01 February 2007

First Biennial Review of the National Water Initiative

While the NWI provides for various issues of water reform to be recognised and addressed, vigour and mode of implementation lies in the hands of the states and territories.

Read submission

While the NWI provides for various issues of water reform to be recognised and addressed, vigour and mode of implementation lies in the hands of the states and territories.

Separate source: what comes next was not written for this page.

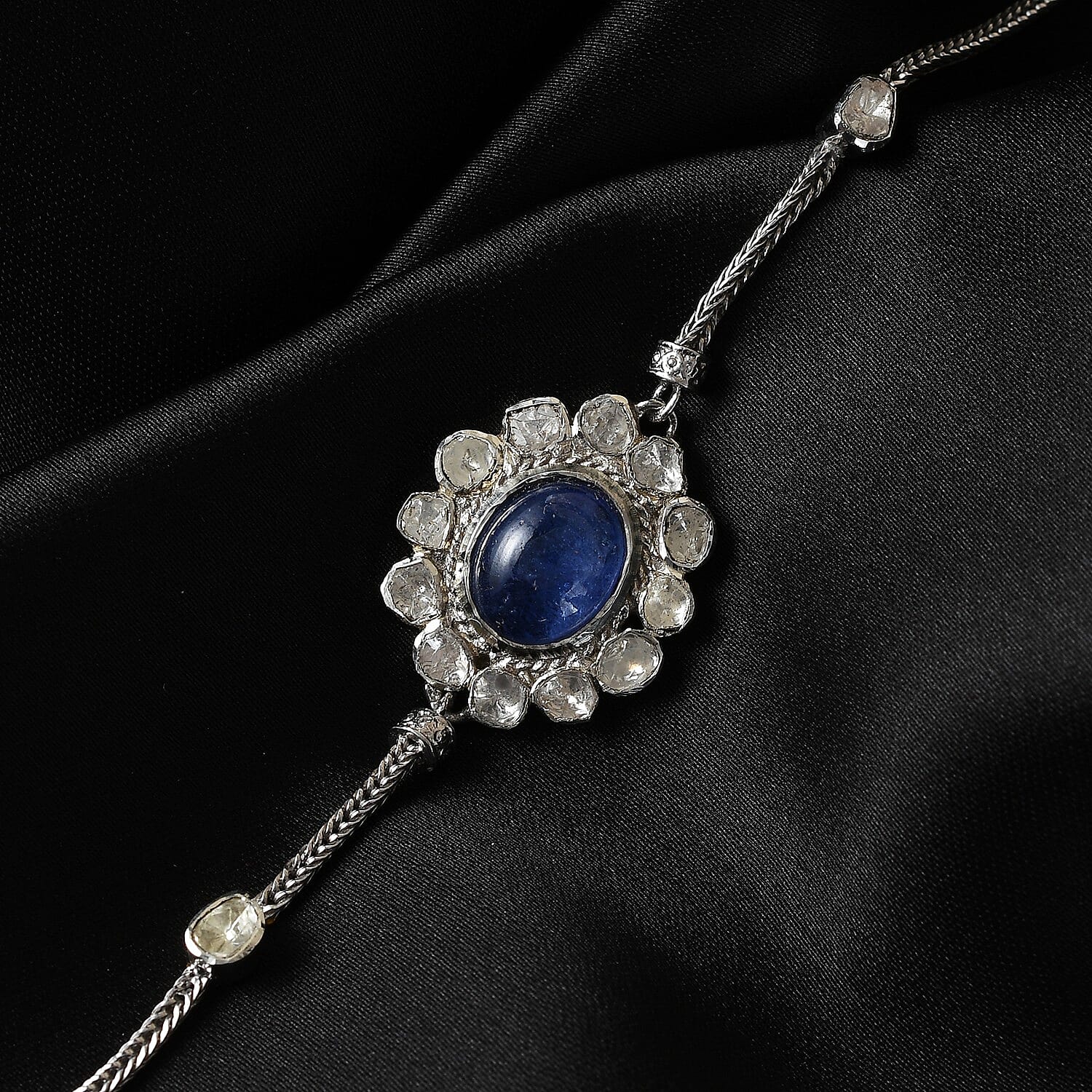 Tanzanite / 7.25 inches - Product card gallery slide 2 (10144329564443)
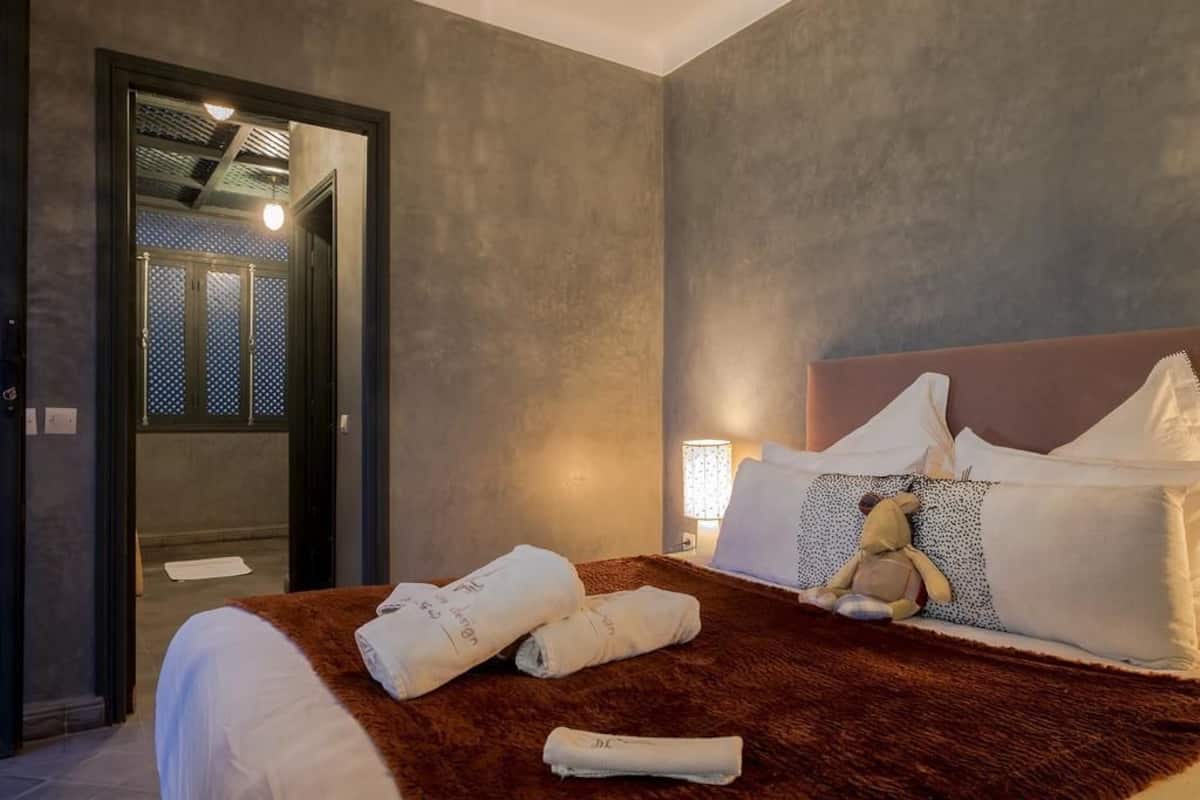 Familie suite | 1 slaapkamer, lakens van Egyptisch katoen, luxe beddengoed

The key points contained in the submission by the Academy of Technological Sciences and Engineering are:

  • The NWI reforms lies in the hands of the states and territories. Consideration should be given to strengthening some aspects of the NWI and thescrutiny provided by the NWC, and to developing more incentives and sanctions to ensure the NWI is implemented in ways that secure sustainable outcomes across the nation.
  • There is a need to strengthen those requirements in the National Water Initiative (NWI) which favour integrated catchment planning and management.
  • The NWI documentation should be recast to emphasise the deterministic role of catchments and to deal sufficiently with their idiosyncrasies in securing sustainable decisions on water allocation and use. That may well lead to a strengthening of the review process undertaken by the NWC.
  • There is the need for the NWI and NWC to call for and, where necessary, demand a systems approach to planning and managing water catchments.
  • It is desirable to strengthen the NWI to encourage more strategic water planning,including Clause 90 of the NWI, thereby encouraging state and territory governments to implement strategies to drive integrated water, sewage and energy planning and to give greater focus and priority to rural reform.
  • The NWI could require state and territory governments to give special focus to coastal river systems and to exercise care in using inland experience to guide coastal planning and management in water resource management, water allocation and trading.
  • The NWI should provide for state and territorial reviews of institutional blockages to water management reforms, leading as necessary to recommendations that can be explicitly followed up by the NWC.
  • There would be considerable benefit in clarifying and recognising the various roles of stakeholders in a revised NWI, thereby reducing the risk that NWI initiatives will be compromised or fail to meet expectations during implementation.